Egypt announces steep rise in electricity price in IMF-backed reform
Egypt announced a major increase in electricity prices on Thursday as authorities continued to cut government subsidies under an IMF-backed economic reform package.
Electricity Minister Mohammed Shaker said prices would rise by between 18 and 42 percent for household bills starting from this month.
The government has been looking to slash the subsidies it uses to keep consumers' energy prices down and raise taxes in a bid to tighten up government finances.
The measures are part of a three-year $12 billion International Monetary Fund loan agreement it hopes will lure back foreign investors who fled after a 2011 political uprising.
It said previously it would phase out electricity subsidies entirely by the end of the 2018-19 fiscal year beginning in July, but Shaker said tough economic conditions brought on by the floating of the pound currency in November means the subsidies will be phased out more gradually, by the end of 2021-22.
"We were supposed to have been completely done with the (electricity) subsidy in the current and next fiscal years," Shaker said, with the current fiscal year starting on July 1.
"Owing to conditions related to the big increase in the exchange rate, we have extended the period (for subsidies) by three more years," Shaker told a news conference announcing the new electricity prices.
Inflation has soared in import-dependent Egypt following the currency float, reaching a three-decade high of over 30 percent.

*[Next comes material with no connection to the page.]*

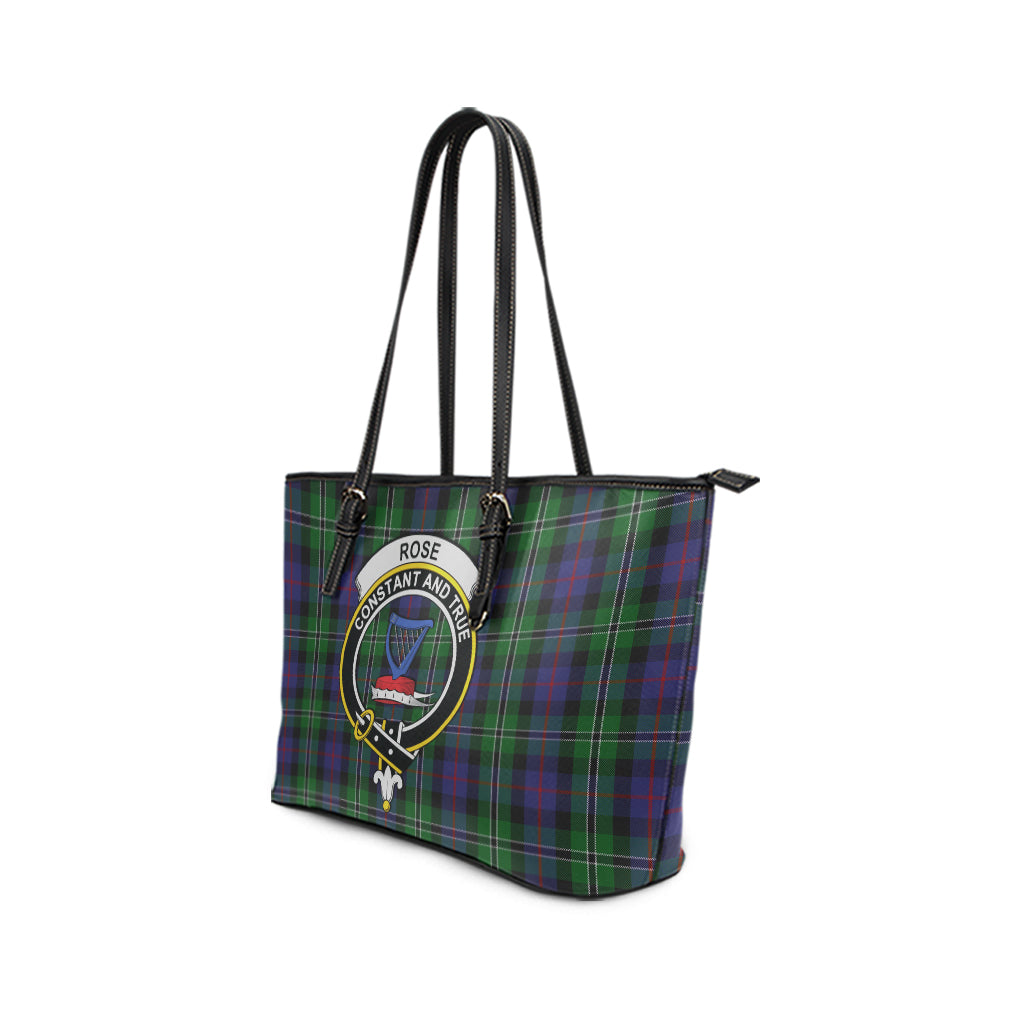 Rose Hunting Tartan Leather Tote Bag with Family Crest - Tartan Vibes Clothing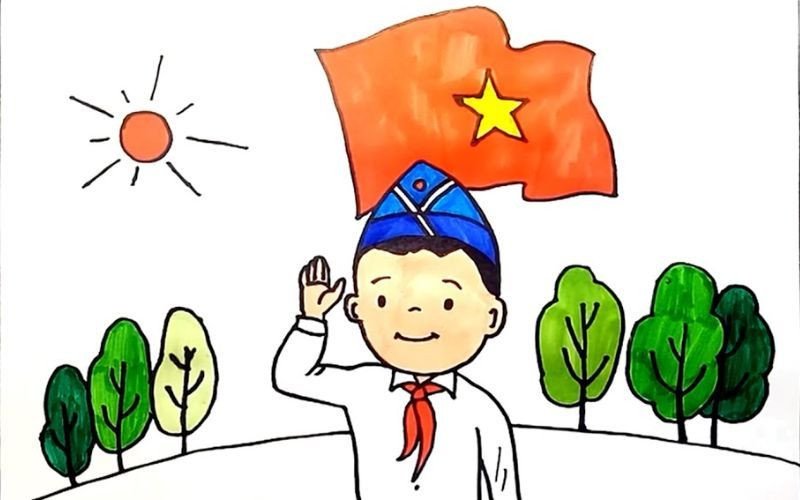 Cảnh học sinh nghiêm trang trong lễ chào cờ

Price rises are expected to continue following hikes to the prices of electricity and fuel.
Shaker said Egypt spent 64 billion Egyptian pounds ($3.58 billion) on electricity subsidies during the 2016-17 fiscal year which ended in June, more than twice the 30 billion initially expected in the budget, largely a result of higher import costs for liquefied natural gas (LNG), which supply its power stations, following the float.

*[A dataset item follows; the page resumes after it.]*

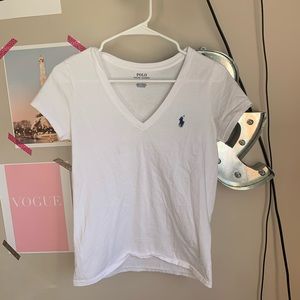 White V-neck polo tee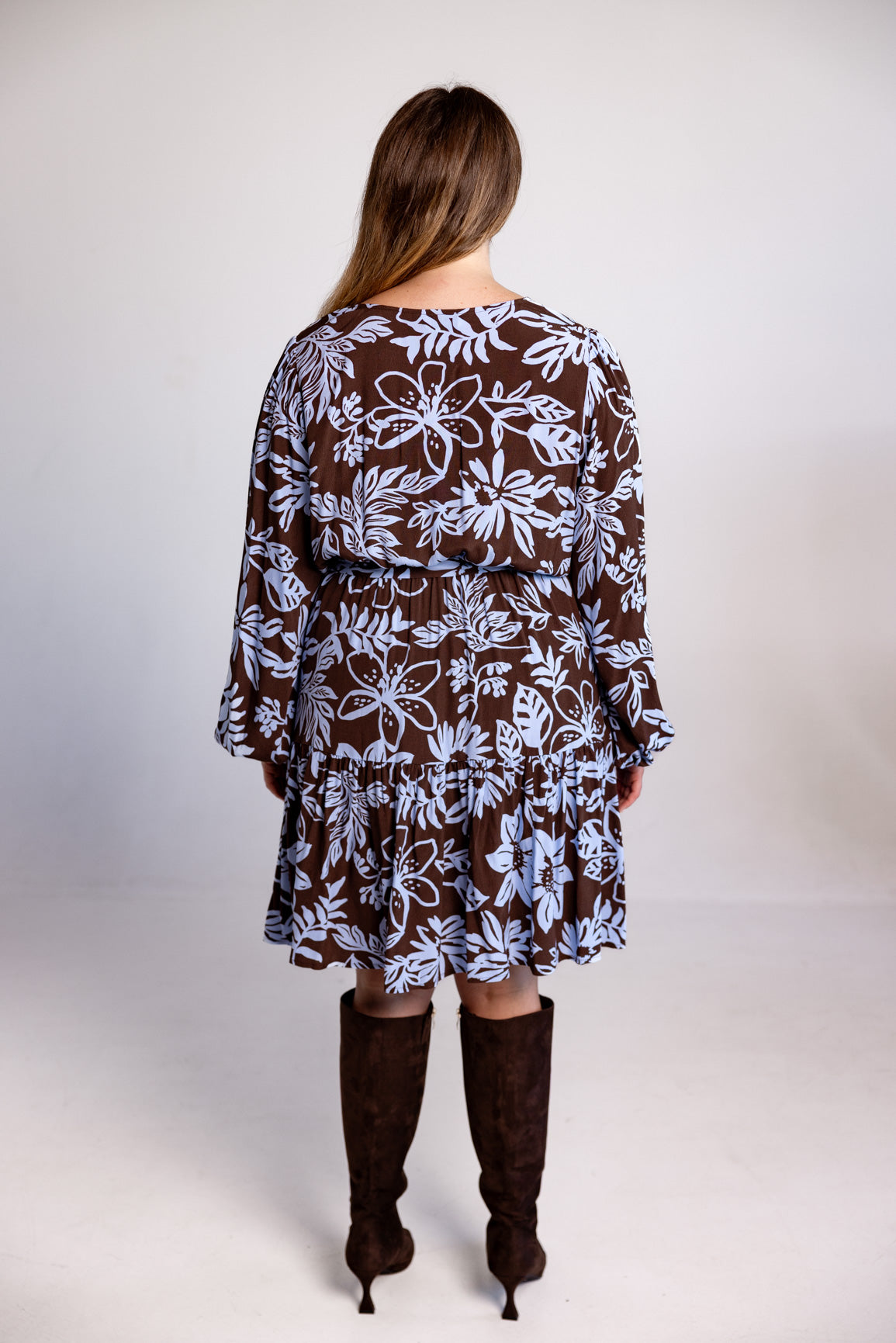 Deni Long Sleeve Dress in Blue Lani Chocolate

The price hikes, which will take effect beginning 1 August, will cut subsidy spending to 52.7 billion pounds in the current fiscal year and then to 43.4 billion pounds in the 2018-19 fiscal year, Shaker said.
Since November, Egyptian authorities have floated the country's currency, slashed fuel subsidies twice, and adopted a value added tax as part of the programme, which has led to soaring consumer prices.
The value of the pound has since plummeted, with one dollar - worth 8.8 pounds at the official exchange rate in November - now worth more than 17 pounds, while annual inflation reached 30.9 percent in May.